Start of SUPPLIED ENTRIES

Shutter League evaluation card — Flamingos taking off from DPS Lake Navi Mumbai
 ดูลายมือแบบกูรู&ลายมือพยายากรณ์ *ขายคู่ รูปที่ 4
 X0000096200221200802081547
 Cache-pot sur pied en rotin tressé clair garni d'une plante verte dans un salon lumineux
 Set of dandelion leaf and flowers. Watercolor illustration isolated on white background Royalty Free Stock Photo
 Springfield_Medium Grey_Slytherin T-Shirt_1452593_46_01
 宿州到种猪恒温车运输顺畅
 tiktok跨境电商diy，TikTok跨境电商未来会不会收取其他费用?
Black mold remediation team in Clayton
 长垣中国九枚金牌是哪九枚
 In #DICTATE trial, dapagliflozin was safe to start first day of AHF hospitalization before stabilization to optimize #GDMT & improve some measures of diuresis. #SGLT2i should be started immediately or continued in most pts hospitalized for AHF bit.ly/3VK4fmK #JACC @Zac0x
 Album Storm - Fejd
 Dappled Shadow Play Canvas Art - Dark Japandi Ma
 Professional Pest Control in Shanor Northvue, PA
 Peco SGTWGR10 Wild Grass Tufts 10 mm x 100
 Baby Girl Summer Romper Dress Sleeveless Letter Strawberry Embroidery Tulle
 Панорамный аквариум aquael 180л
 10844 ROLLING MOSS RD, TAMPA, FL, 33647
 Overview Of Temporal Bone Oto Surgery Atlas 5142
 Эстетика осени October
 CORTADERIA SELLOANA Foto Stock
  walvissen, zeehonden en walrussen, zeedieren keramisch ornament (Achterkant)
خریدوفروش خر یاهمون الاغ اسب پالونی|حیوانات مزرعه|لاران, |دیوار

End of SUPPLIED ENTRIES

# TASK GOAL:
For the material above, reproduce exactly the lines from the line with "Cache-pot sur pied" to the line with "长垣中国九枚金牌是哪九枚", inclusive, and exclude all others.

# RESPONSE TO THE EXERCISE:
 Cache-pot sur pied en rotin tressé clair garni d'une plante verte dans un salon lumineux
 Set of dandelion leaf and flowers. Watercolor illustration isolated on white background Royalty Free Stock Photo
 Springfield_Medium Grey_Slytherin T-Shirt_1452593_46_01
 宿州到种猪恒温车运输顺畅
 tiktok跨境电商diy，TikTok跨境电商未来会不会收取其他费用?
Black mold remediation team in Clayton
 长垣中国九枚金牌是哪九枚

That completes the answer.